= WHAT YOU ARE ASKED TO DO =
All the lines below need to be output exactly, apart from any images.

= DATA TO PROCESS =

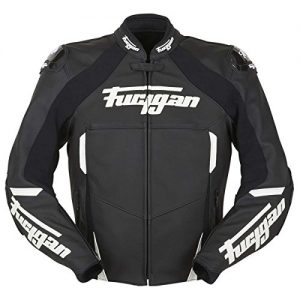 blouson moto Furygan homme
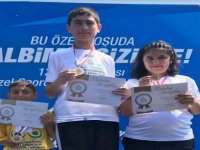 LTB Engelsiz Atletizm Takımı göğsümüzü kabarttı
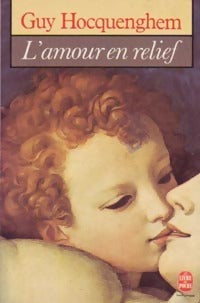 Livrenpoche : L'amour en relief - Guy Hocquenghem - Livre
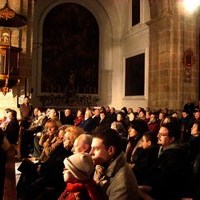 CONCIERTOS EN LA IGLESIA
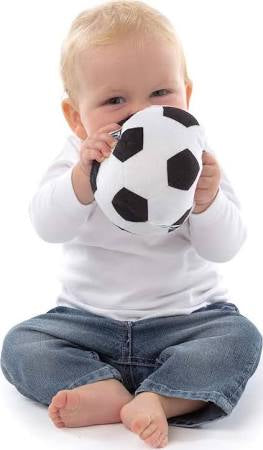 My First Soccer Ball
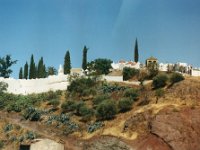 1990072255 Granada, Spain (August 1, 1990)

= YOUR SOLUTION =
 blouson moto Furygan homme
 LTB Engelsiz Atletizm Takımı göğsümüzü kabarttı
 Livrenpoche : L'amour en relief - Guy Hocquenghem - Livre
 CONCIERTOS EN LA IGLESIA
 My First Soccer Ball
 1990072255 Granada, Spain (August 1, 1990)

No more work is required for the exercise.